**Aim of the task:**
When the line containing "Soco tc用のヘッドライ" appears in the data below, begin copying there and stop only after the line containing "Flat head machine screw".

Caption-style text data:
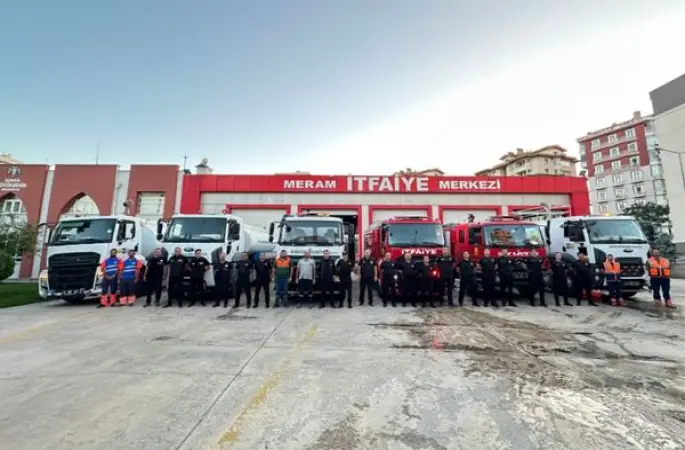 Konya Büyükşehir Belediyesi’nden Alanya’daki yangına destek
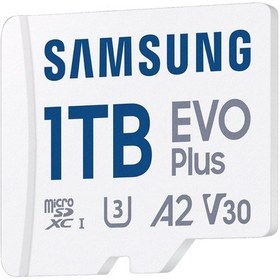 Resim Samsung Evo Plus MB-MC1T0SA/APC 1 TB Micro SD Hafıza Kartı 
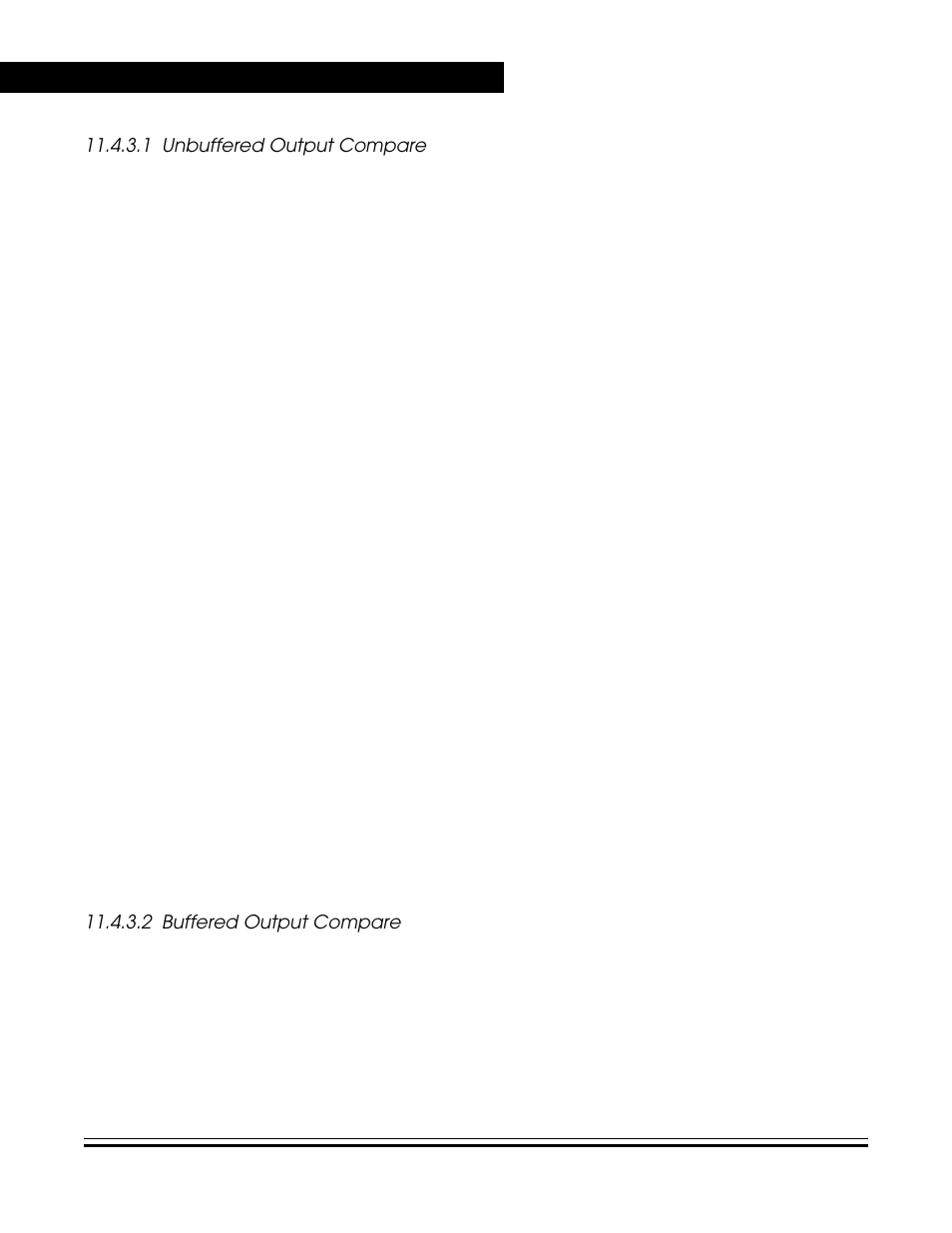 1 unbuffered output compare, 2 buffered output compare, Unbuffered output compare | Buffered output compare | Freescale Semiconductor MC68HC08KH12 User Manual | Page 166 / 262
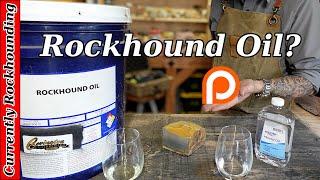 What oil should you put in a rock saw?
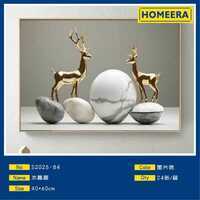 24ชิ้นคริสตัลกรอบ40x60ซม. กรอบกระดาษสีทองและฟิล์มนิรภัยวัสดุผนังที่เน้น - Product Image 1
==
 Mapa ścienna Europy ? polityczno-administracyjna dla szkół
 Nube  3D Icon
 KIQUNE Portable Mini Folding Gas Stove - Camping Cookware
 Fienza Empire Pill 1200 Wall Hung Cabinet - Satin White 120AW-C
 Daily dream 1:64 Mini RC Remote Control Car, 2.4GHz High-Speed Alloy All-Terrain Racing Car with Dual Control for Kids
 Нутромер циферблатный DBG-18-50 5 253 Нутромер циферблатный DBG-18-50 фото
...
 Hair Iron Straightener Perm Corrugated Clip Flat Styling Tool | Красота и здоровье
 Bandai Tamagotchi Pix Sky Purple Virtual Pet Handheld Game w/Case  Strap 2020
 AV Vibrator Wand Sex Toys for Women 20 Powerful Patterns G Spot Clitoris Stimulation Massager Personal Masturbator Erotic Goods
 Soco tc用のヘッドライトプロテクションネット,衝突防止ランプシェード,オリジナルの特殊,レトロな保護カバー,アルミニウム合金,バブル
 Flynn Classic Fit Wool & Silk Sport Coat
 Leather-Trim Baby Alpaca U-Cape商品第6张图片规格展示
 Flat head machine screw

**Answer for this exercise:**
 Soco tc用のヘッドライトプロテクションネット,衝突防止ランプシェード,オリジナルの特殊,レトロな保護カバー,アルミニウム合金,バブル
 Flynn Classic Fit Wool & Silk Sport Coat
 Leather-Trim Baby Alpaca U-Cape商品第6张图片规格展示
 Flat head machine screw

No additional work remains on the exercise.